* Collected material *
━━━━━━━━━━━━━━━━━━━━

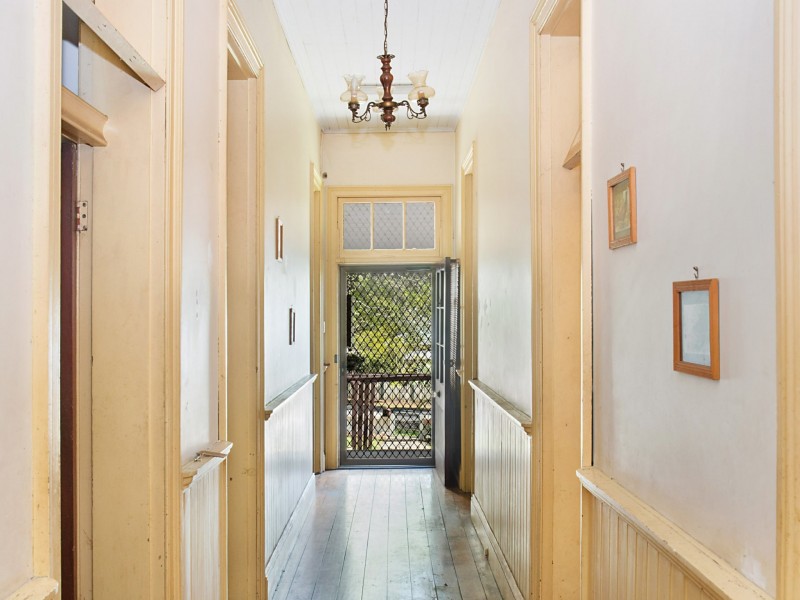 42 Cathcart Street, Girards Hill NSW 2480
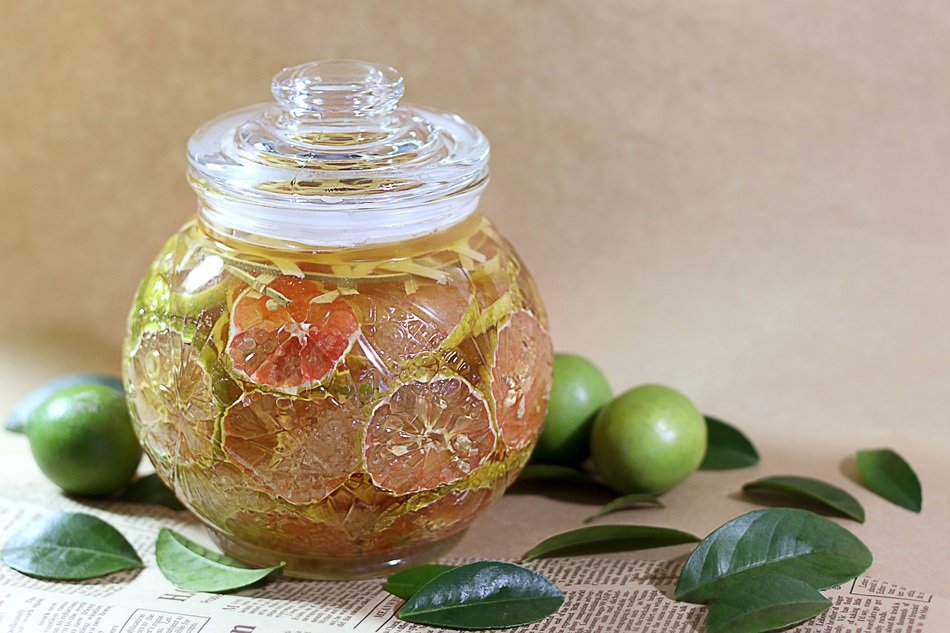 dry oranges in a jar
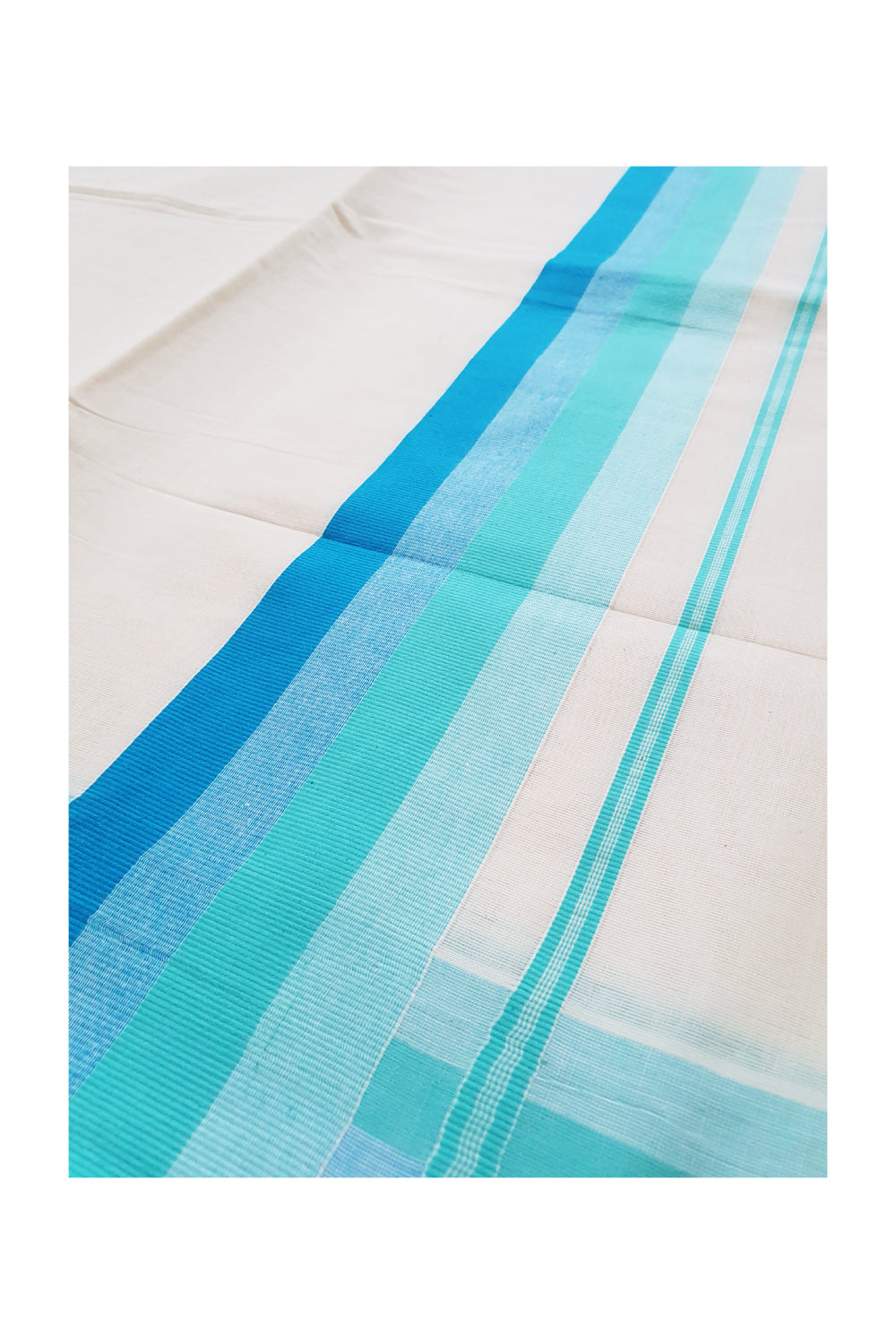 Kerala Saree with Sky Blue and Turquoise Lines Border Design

━━━━━━━━━━━━━━━━━━━━

Could you repeat the listing above exactly, omitting its pictures?

* Output for this task *
 42 Cathcart Street, Girards Hill NSW 2480
 dry oranges in a jar
 Kerala Saree with Sky Blue and Turquoise Lines Border Design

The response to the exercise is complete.